They all clambered in: tall and short, fat and skinny, in colors ranging from lemon yellow to rusty brown, and all wearing Marceline’s homemade maid costumes. Simon stepped behind Hunson and Marceline just in case they tried anything. Most of them were watching Hunson, but a few looked at him.  
  
“The orders of these two,” Hunson said, and he tugged Simon forward by the sleeve and indicated Marceline, all grimaces and folded arms, “are to be obeyed as swiftly and accurately as my own. I find out you’re freaking them out and you’ll get a weird punishment or pain.”  
  
One of the demons raised a hand.

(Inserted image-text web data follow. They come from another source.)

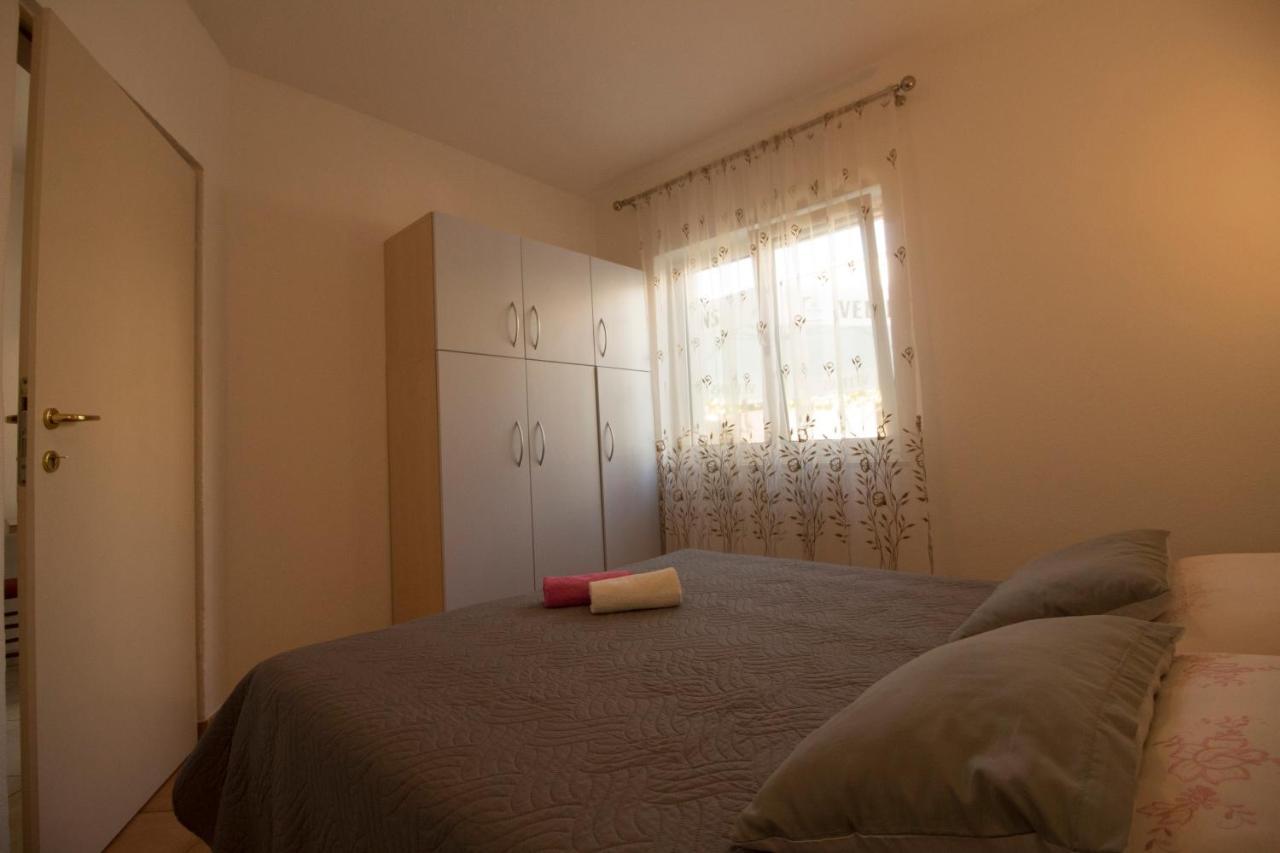 Apartmani Ana Juricev Vodice Водице Екстериор снимка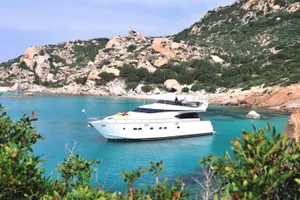 Maiora 20m - 3 Cabins - Poltu Quatu - Porto Cervo - Olbia - Portisco Maiora 20m - 3 Cabins - Poltu Quatu - Porto Cervo - Olbia - Portisco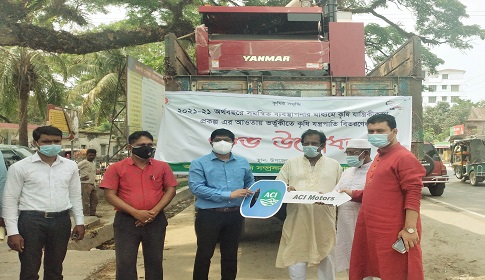 ঈশ্বরগঞ্জে হারভেস্টার মেশিন বিতরণ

Hunson pointed at it. “Yes?”  
  
“Arch-novice Bolzebeer took a dump in front of the easily scared one’s room.”  
  
Hunson’s eyes narrowed. “And you didn’t mention this until now why?”  
  
“Because,” the demon said, “I’m pretty sure the scared one’s scarier than Bolzebeer.” The other demons chimed in to agree. “So do your punishment and don’t let him put us in the cold rocks!”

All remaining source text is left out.